# Text to speech
Text to speech systems (TTS) transforms written text into a waveform with the corresponding spoken text.

There exist a set of commercial products for this task, e.g. eleven labs https://beta.elevenlabs.io/ (last visited on June 2023).

One of the simplest ways to use text to speech in python is the module pyttsx3:

https://pypi.org/project/pyttsx3/

This module is a wrapper for the os-internal text to speech system-. At least for Windows, the results are satisfying.

In [1]:
import pyttsx3
import time
import os
os.chdir('../Python')
import WaveInterface

Filename = 'output.wav'

# initialize the speech synthesizer
engine = pyttsx3.init()

rate = engine.getProperty('rate')   # getting details of current speaking rate
engine.setProperty('rate', 125)     # setting up new voice rate

# https://ichi.pro/de/eine-einfuhrung-in-pyttsx3-ein-text-zu-sprache-konverter-fur-python-81905511310787
voices = engine.getProperty('voices')       #getting details of current voice
for voice in voices:
    print("Voice: %s" % voice.name)
    print(" - ID: %s" % voice.id)
    print(" - Languages: %s" % voice.languages)
    print(" - Gender: %s" % voice.gender)
    print(" - Age: %s" % voice.age)
    print("\n")

engine.setProperty('voice', voices[0].id)  #changing index, changes voices. 0 for german female
#engine.setProperty('voice', voices[1].id)   #changing index, changes voices. 1 for english female

# select the language
engine.setProperty('voice', 'german')

# select the text
sentence = "Lassen Sie die Ente zu Wasser."

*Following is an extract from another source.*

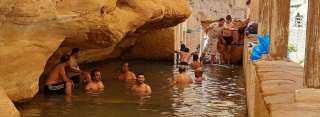 حمامات عفرا.. ملاذ الرومان للعلاج...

Voice: Microsoft Hedda Desktop - German
 - ID: HKEY_LOCAL_MACHINE\SOFTWARE\Microsoft\Speech\Voices\Tokens\TTS_MS_DE-DE_HEDDA_11.0
 - Languages: []
 - Gender: None
 - Age: None


Voice: Microsoft Zira Desktop - English (United States)
 - ID: HKEY_LOCAL_MACHINE\SOFTWARE\Microsoft\Speech\Voices\Tokens\TTS_MS_EN-US_ZIRA_11.0
 - Languages: []
 - Gender: None
 - Age: None




In [2]:
StartTime = time.time()
# use the synthesizer to say the sentence
#engine.say(sentence)
# use the synthesizer to save the wave form to a file
engine.save_to_file(sentence, Filename)

# wait until everything is finished
engine.runAndWait()

StopTime = time.time()

## Latency and real-time capability
In order to measure the real-time capability of the algorithm on the used hardware, the length of the output waveform and the duration of evaluation is measured.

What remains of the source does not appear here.